*** Opening PROVIDED INFORMATION ***
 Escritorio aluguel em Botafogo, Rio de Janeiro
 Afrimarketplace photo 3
*** Closing PROVIDED INFORMATION ***
*** Opening PROVIDED INFORMATION ***
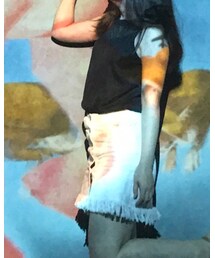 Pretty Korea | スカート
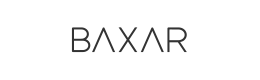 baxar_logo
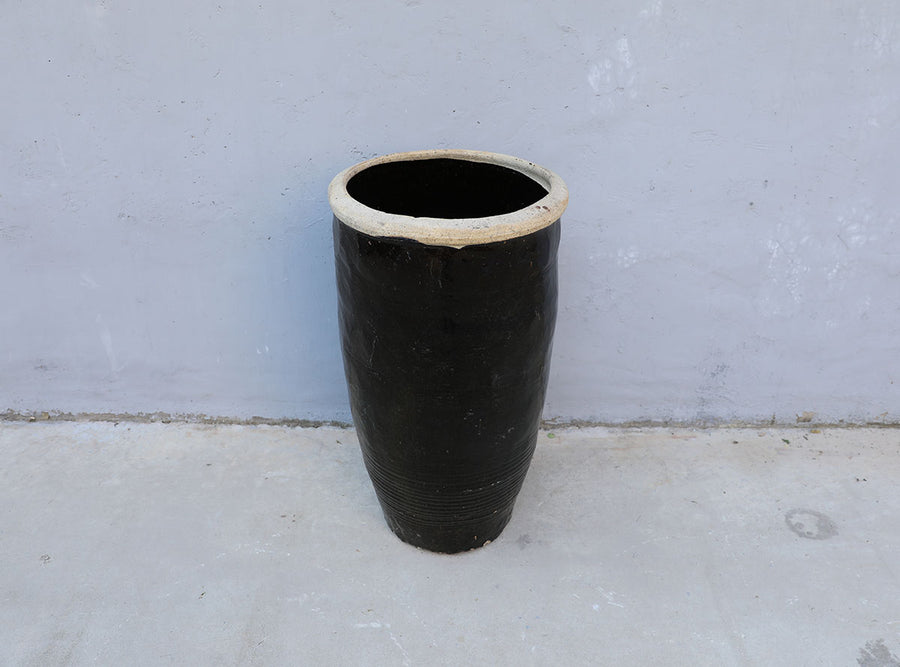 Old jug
*** Closing PROVIDED INFORMATION ***
BRIEF
Extract exactly and only the lines above from the line containing "Escritorio aluguel em" through the line containing "Afrimarketplace photo 3", both end lines included.

EXERCISE RESULT
 Escritorio aluguel em Botafogo, Rio de Janeiro
 Afrimarketplace photo 3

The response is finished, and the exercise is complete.